Restate word for word the lines below, from the one containing "13 August 2017" through the final line, with no pictures included.

▸ Scraped caption text data:
□ □ □ □ □ □ □

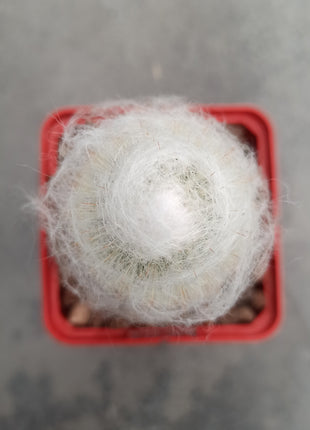 Espostoa melanostele subs. lullaby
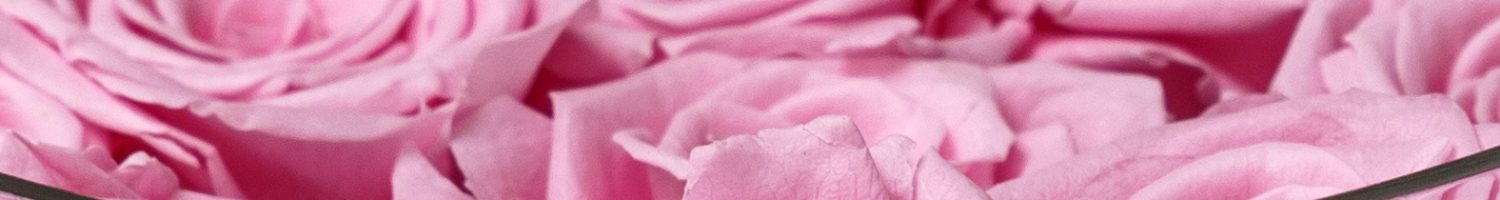 Banner_Grossauftraege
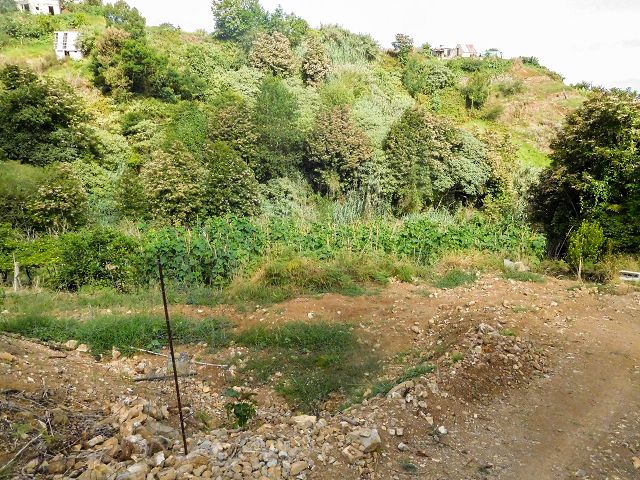 13 August 2017 Levada discoveries around Santana and a detour to Ponta do Clerigo — From Cortado to the Madre of the Levada do Cortado and back to the crossing with the ER-213 — photo 35
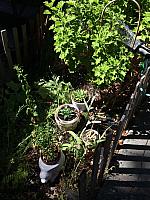 1-IMG 3529
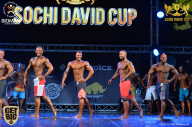 Sochi David Cup - 2017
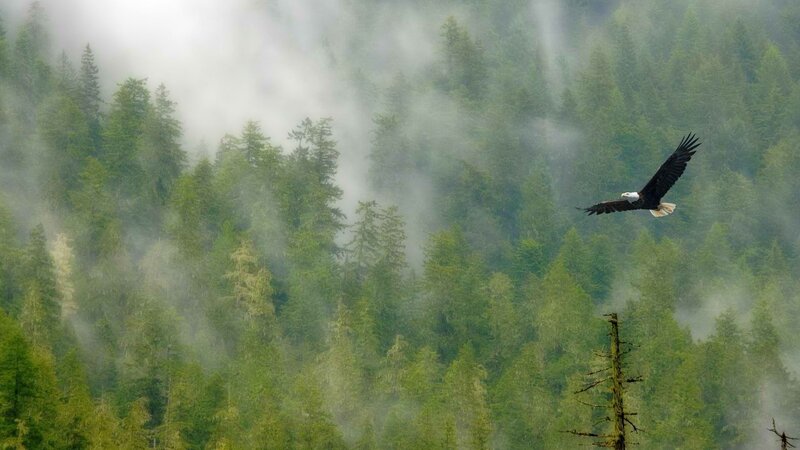 Bald eagle soars over misty forest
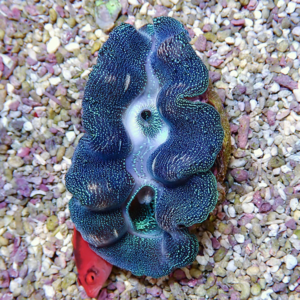 irm-b-1582 - AQUAGIFT 用品ショップ Open blue giant clam (Tridacna) with iridescent dotted mantle on gravel substrate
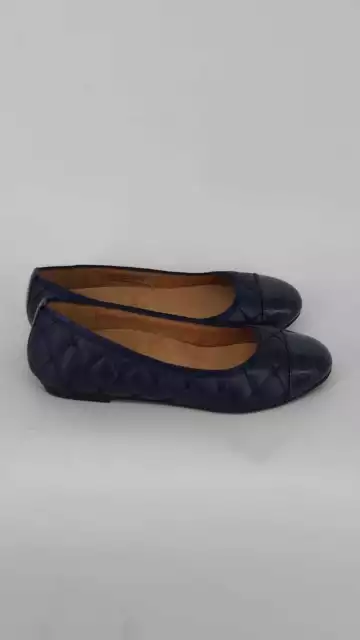 Vionic desiree flat online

□ □ □ □ □ □ □

▸ EXERCISE OUTPUT:
 13 August 2017 Levada discoveries around Santana and a detour to Ponta do Clerigo — From Cortado to the Madre of the Levada do Cortado and back to the crossing with the ER-213 — photo 35
 1-IMG 3529
 Sochi David Cup - 2017
 Bald eagle soars over misty forest
 irm-b-1582 - AQUAGIFT 用品ショップ Open blue giant clam (Tridacna) with iridescent dotted mantle on gravel substrate
 Vionic desiree flat online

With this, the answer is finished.